It's better than it looks, that's the first thing that's readily appraent when you look at the article. Right now it's the formatting that's letting this down, as I quite like the writing here really. Such lines as "she seems to have more guys around her than a local pub" made me smile, which is good. I feel its a fair bit too straight-laced at the minute, with too many "facts" (just plain lying sentences that aren't really jokes) and not enough attempts at jokes. I would also try to expand the plot section, as this should really be the most in-depth section, and four lines isn't really enough. I like how you've started though, keep it up!
It's an alright concept, not brilliant, but I guess that its more than workable since you've managed to get some good lines out of it, which I probablywouldn'tbe ableto do. Like I say the plot section needs to be fleshed out quite a lot, and you could probably expand into "Reception" or something, but that's about it, because other than that, I don't really see what you could do with this concept, as it just feels too straight-laced.
Prose and formatting:
This is your main problem, I feel. First things you really see are the quotes and whitespace; these really need to be eliminated to give your article a more professional look at the first glance – most articles have one quote maximum. There is the mishap with regards to spelling in the article, such as "Adaption" when it should be "Adaptation", but only minor quibbles here, its your formatting more than the prose. Luckily, this is the easiest part to fix - you just need to tidy the article up somewhat to make it look less scruffy and more professional. This will probably increase your other scores a bit as well.

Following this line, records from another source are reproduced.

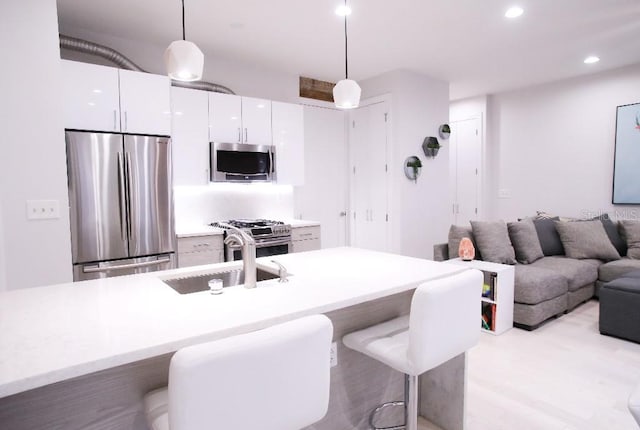 kitchen with appliances with stainless steel finishes, a breakfast bar, pendant lighting, sink, and white cabinets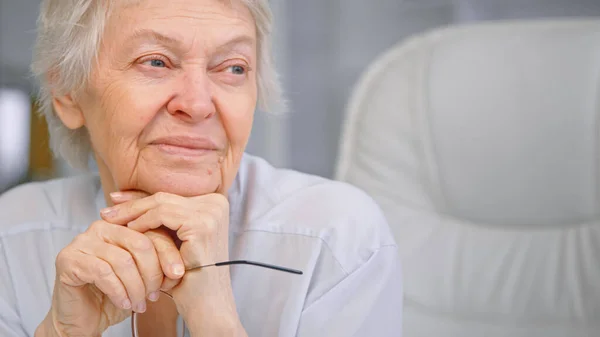 Mujer envejecida con pelo gris corto mira por la ventana sosteniendo gafas en la mano y sonriendo alegremente en la oficina con estilo —  Fotos de Stock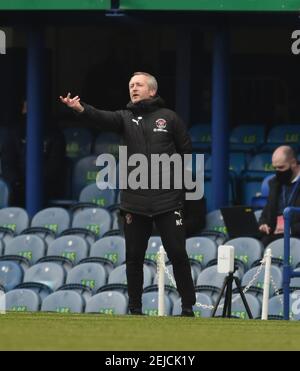 Blackpool head coach Neil Critchley during the Sky Bet League One match between Portsmouth and Blackpool Town at Fratton Park  , Portsmouth ,  UK - 20th February 2021.  Editorial use only. No merchandising. For Football images FA and Premier League restrictions apply inc. no internet/mobile usage without FAPL license - for details contact Football Dataco  : Stock Photo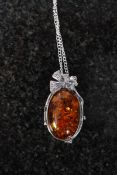 A white metal 925 silver and amber drop pendant necklace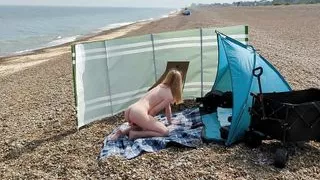 A young blonde wife is nude and masturbating on a British public beach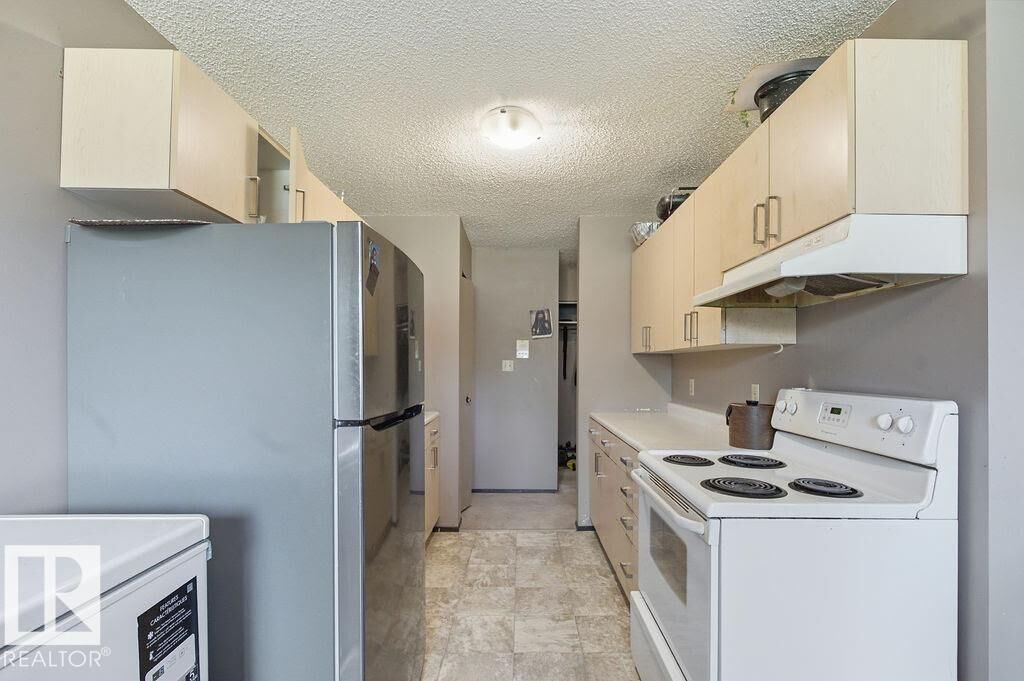 Property Photo: 13452 Fort Road NW 3 AB T5A 1C5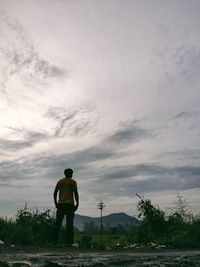 Rear view of man standing on field against sky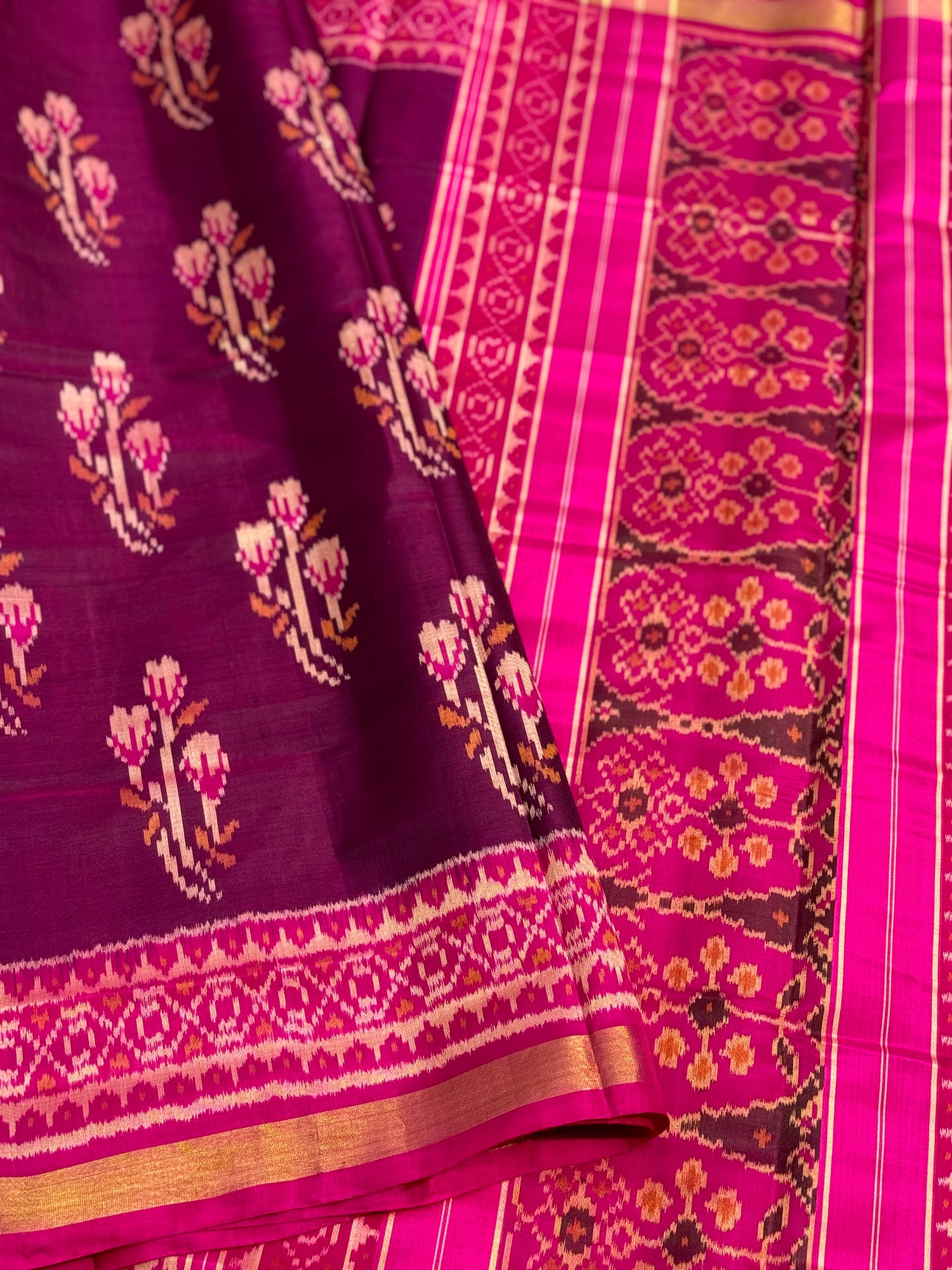 A gorgeous plum pink shade single ikkat patola silk SAREE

The images are alright here. They aren't the funniest in the world, and they don't have captions that are instant classic one-liners, but they do the job they are supposed to servicably, adding an extra dimension to the article as well as doing a good job at trying to describe the article's subject. It might not get the greatest score in the world, but they're more than good enough, and I don't see how - barring a magnificent potatochop - you can improve these.
I like this quite a fair bit. It's not VFH quality, but tidy it up, expand the plot, and you'll have a nice little article.